De Palma prioriza sempre a construção de seus personagens e do enredo, do que propriamente as cenas em que ocorre a ação. O diretor adapta uma obra de Stephen King de uma maneira diferente das tantas já adaptadas no mundo do cinema. De Palma coloca na obra uma clara identidade própria, a tal marca registrada. O elenco está muito bem. Mesmo os coadjuvantes, que na maioria, são praticamente totais estereótipos, atuam bem em seus respectivos papéis na trama. Más obviamente quem chama a atenção é Sissy Spacek interpretando Carrie White. Ela incorpora a personagem de tal forma que pensamos ser uma pessoa ''real'' que está ali, sofrendo com tantas humilhações. Sua composição de personagem é perfeita, sua voz está sempre num tom baixo, na escola e na maioria das conversas com sua mãe (um reflexo do medo vivido diariamente por Carrie), sua mudança de expressão no baile, o momento no qual ela fica fora de si, etc. Enfim, tudo se completa numa atuação brilhante, quase perfeita. Piper Laurie também está excelente como a mãe opressora de Carrie, Margaret White. Ela transmite os sentimentos de sua personagem de uma forma excepcional. Sua personagem assusta não só Carrie, e sim o público que assiste.
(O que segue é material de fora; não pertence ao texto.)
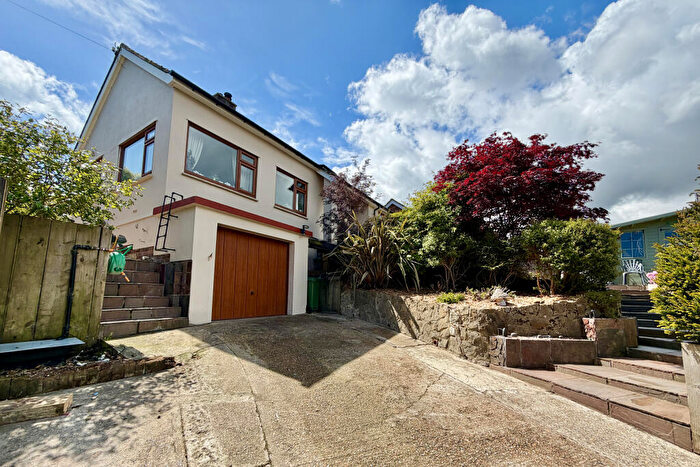 2 Bedroom Detached Bungalow For Sale In Redbrooks Way, Hythe, Kent, CT21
Laurie compõe eficientemente uma religiosa fervorosa com atitudes extremamente rigorosas em relação as escolhas de sua filha.
Mais é de Brian De Palma o maior mérito pelo sucesso de tal obra. Ele a dirige competentemente desde a 1ª cena, até o seu desfecho (com uma música linda aliás). De Palma age corretamente a não apresentar ao fundo as personalidades dos coadjuvantes. Apenas sabemos que muitos deles estão ali somente para humilhar e perturbar Carrie apenas por diversão, e o diretor mostra isso de uma maneira muito eficiente. Ele retira somente o necessário da obra de King (tirando o foco da investigação), e também utiliza a câmera em 1ª pessoa por diversos momentos, trazendo um tom mais real para tais cenas. Há ainda a ótima trilha sonora, muito bem colocada por De Palma ao longo do filme. A obra é eficiente em quase todos os aspectos. Direção, atuações, roteiro, trilha sonora. Um filme daquelas que não poderiam ser refilmados, pois a essência da obra está na época de seu lançamento, o impacto causado naquela época certamente não é tão grande atualmente. Uma obra à ser lembrada por sua história singular, pelo clima eficientemente construído e que vai mudando de acordo com os acontecimentos. Tudo isso realizado de uma forma pelo excepcional pelo diretor. E pensar que não é nem um dos 5 melhores dele .. De Palma é de fato um exímio naquilo que faz, um dos grandes diretores que surgiram no final da década de 60, e felizmente está até hoje na ativa.